It used to be the number of performance SUVs could be counted on three fingers, with the X5 4.6is and Mercedes-Benz's M and G-Class AMG models making up the entire segment. Now, Porsche, Volkswagen, Infiniti, and others are joining the party.

BMW's midlife update for the X5 is a good response: more horsepower, better fuel economy, six forward-gear ratios, smarter traction management, and some interesting load-carrying options.

Although the engine is the same size as the previous 4.4-liter V-8, the new version includes updated variable cam timing and variable-length air-intake runners for better response. The obvious benefits are 25 more horsepower and an almost 15-percent improvement in EPA fuel economy numbers (from 14/18 to 16/22). The overall feel of the 4900-pound X5 is noticeably lighter than the previous setup.

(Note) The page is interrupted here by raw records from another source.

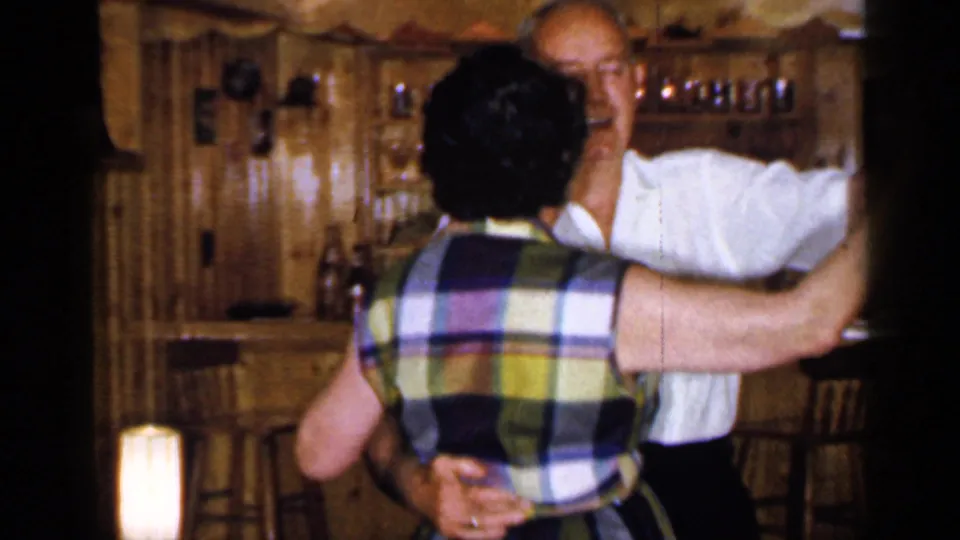 1965 Long Island home-movie frame of an adult couple dancing closely before a wood-paneled bar with shelves, stools, and warm lighting.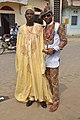 Image 23Cameroonian fashion is varied and often mixes modern and traditional elements. Note the wearing of sun glasses, monk shoes, sandals, and a Smartwatch. (from Cameroon)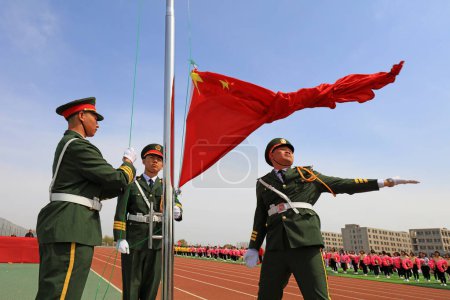 Foto de CONDADO DE LUANNAN, China - 8 de abril de 2019: Soldados de la policía armada en la ceremonia de izamiento de la bandera, CONDADO DE LUANNAN, Provincia de Hebei, China - Imagen libre de derechos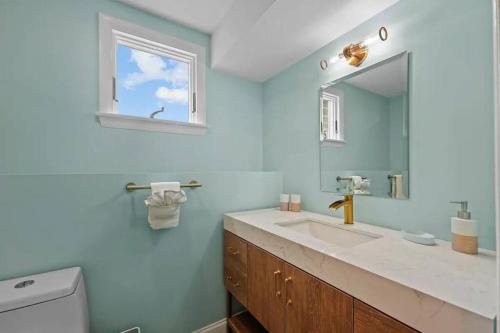 a bathroom with a sink and a mirror at Little Creek Retreat - RIBryan Property in Middletown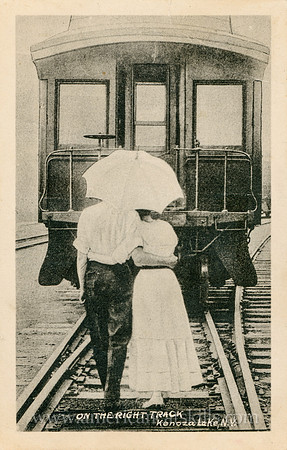 Vintage photograph titled "On the Right Track, Kenoza Lake, N. Y." showing a hugging couple under an umbrella while walking along the train tracks.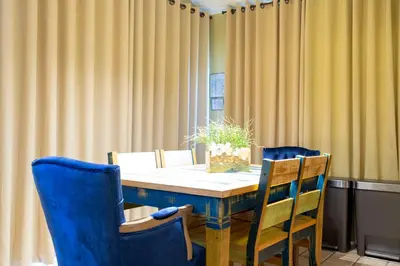 a table with blue chairs and a potted plant on it at Celebrate BR in Orlando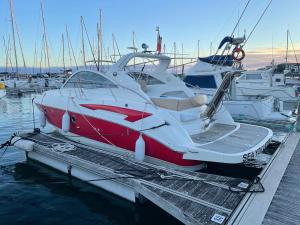 a red and white boat is docked at a dock at sea you later in Ponta Delgada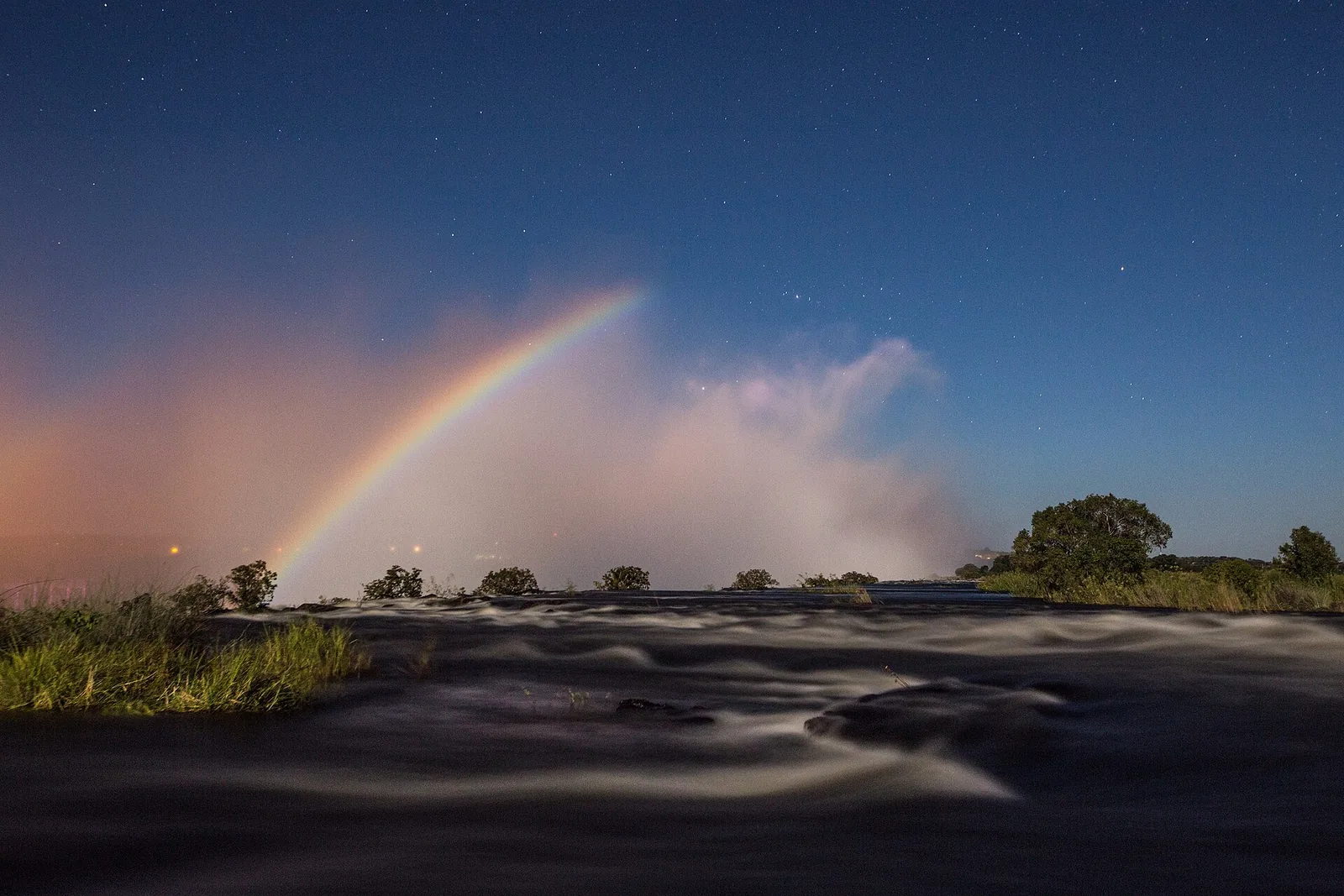 Ein Mondregenbogen spannt sich nachts über die Gischt der Victoria Falls, darunter der dunkle Sambesi und Sterne am Himmel
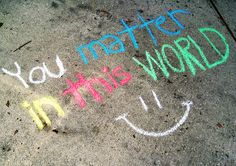 some writing on the ground that says you matter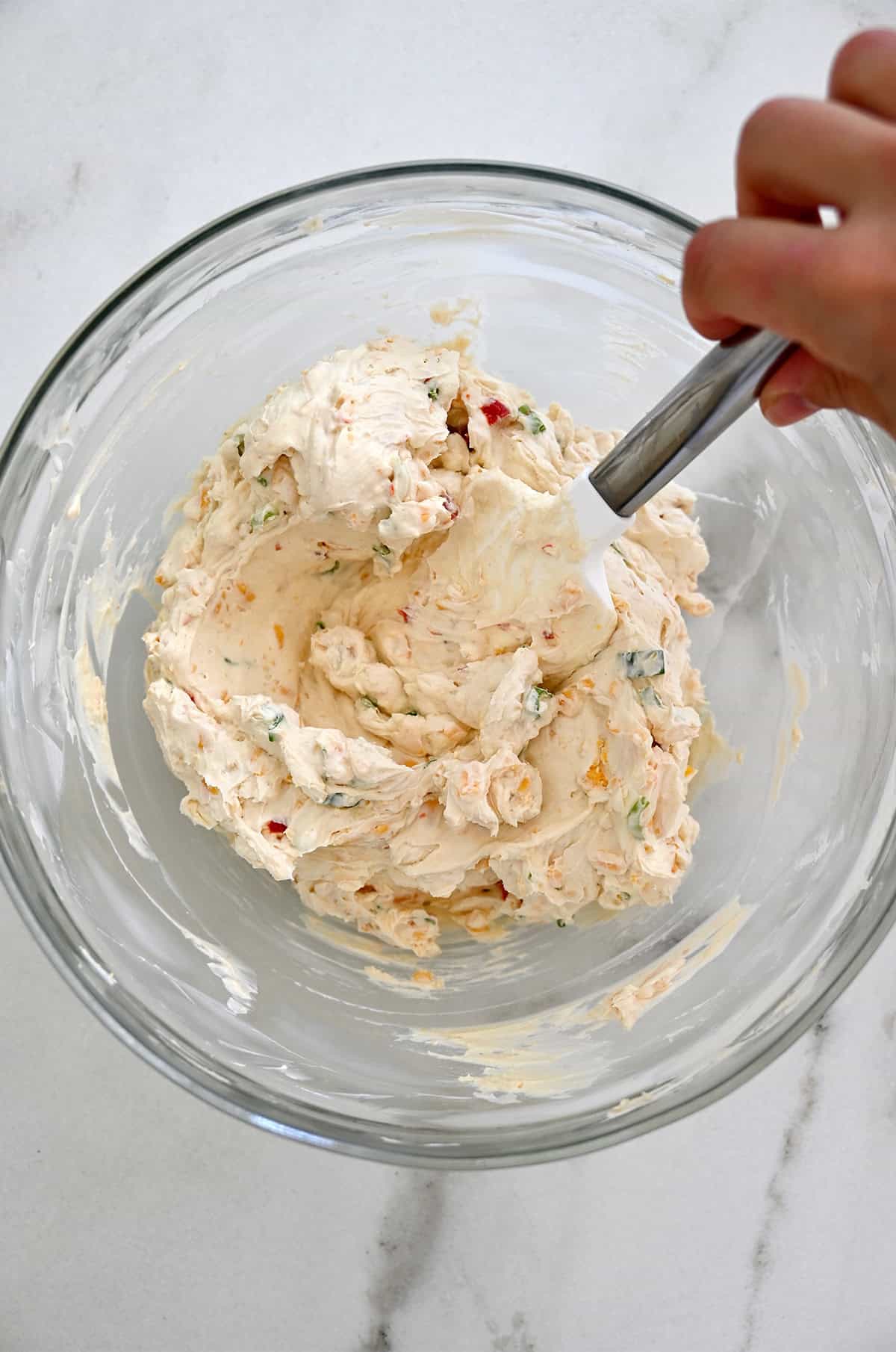 Cheese mixture in a glass bowl with a spatula.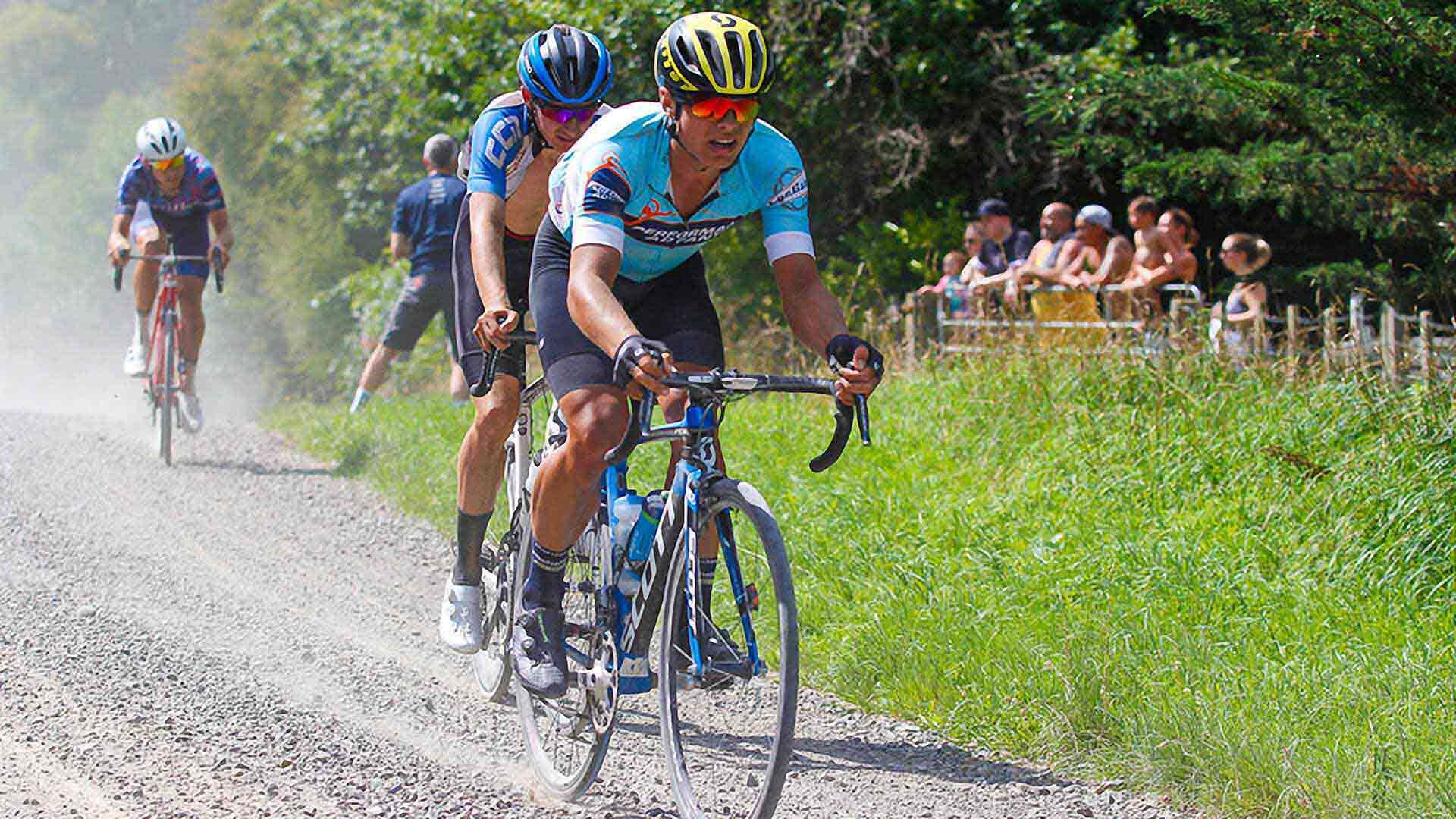 Photo shows people watching as cyclists race bikes along a gravel road, stirring up clouds of dust.
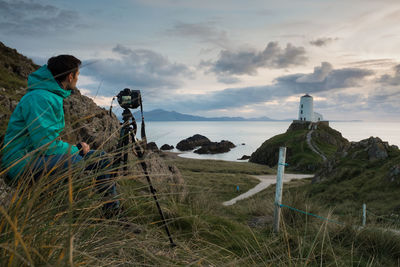 Man sitting by camera on tripod while looking at lighthouse against sky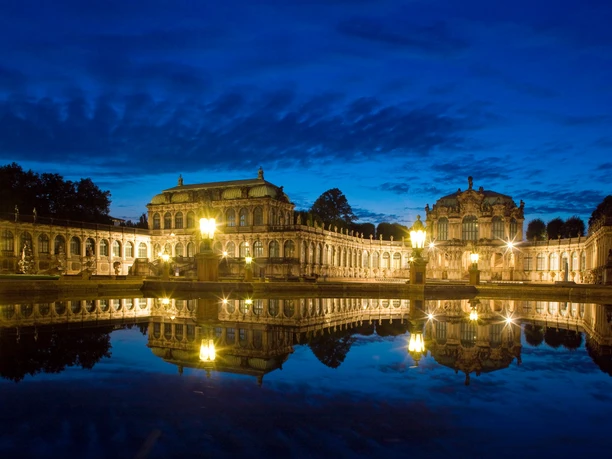 Zwinger Dresden.jpg Beleuchteter Zwinger in Dresden bei Nacht, mit Spiegelbild im Wasser.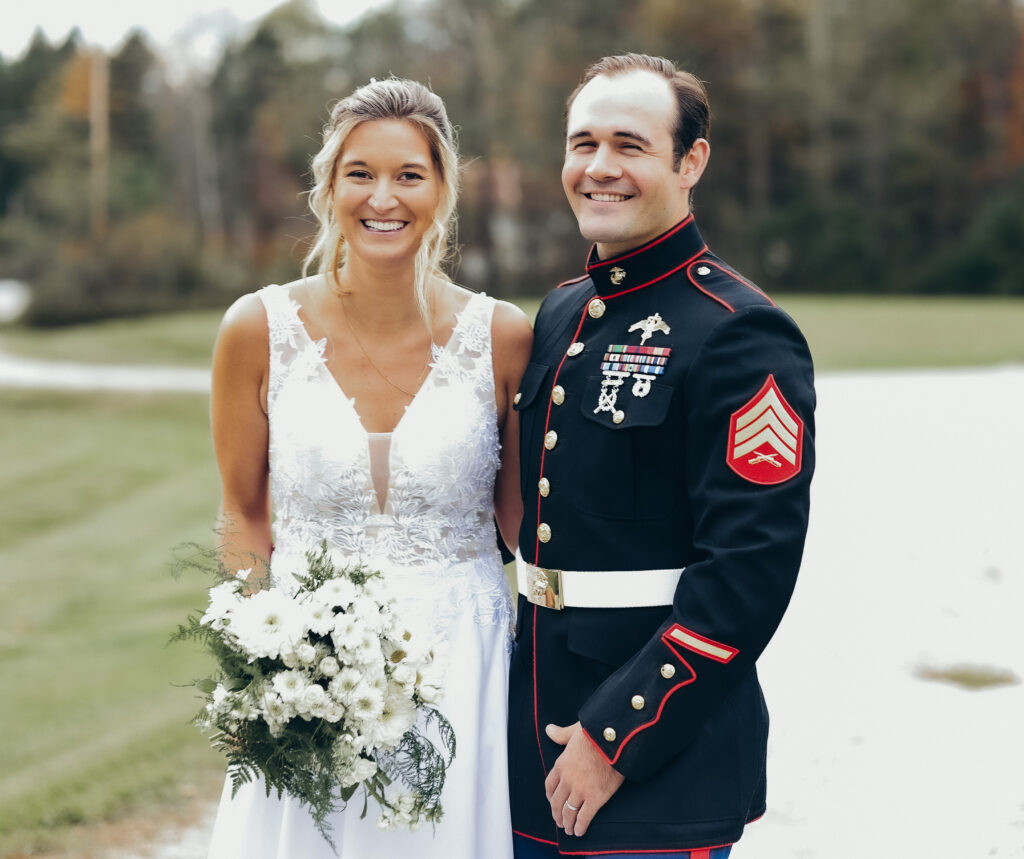 a couple poses for their wedding photos. Groom is a marine. Red Clover Inn, Vermont.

Another significant upgrade is in the relatively transparent technology of the new AWD system. Utilizing an electronically controlled wet-clutch and several yaw, speed, and steering sensors, it has more intelligence, which helps it more accurately assess where the proper amounts of torque need to be applied. The system now (almost) seamlessly adjusts braking or power shutdown during understeer or oversteer situations.

The X5 will continue to be offered with the base 3.0-liter I-6 engine, backed by a six-speed manual or five-speed Steptronic automatic trans. The new six-speed automatic is standard on V-8 models. For those looking for more horsepower, a new high-output 4.8-liter Valvetronic V-8 will be out in late summer--packing close to 400 horsepower.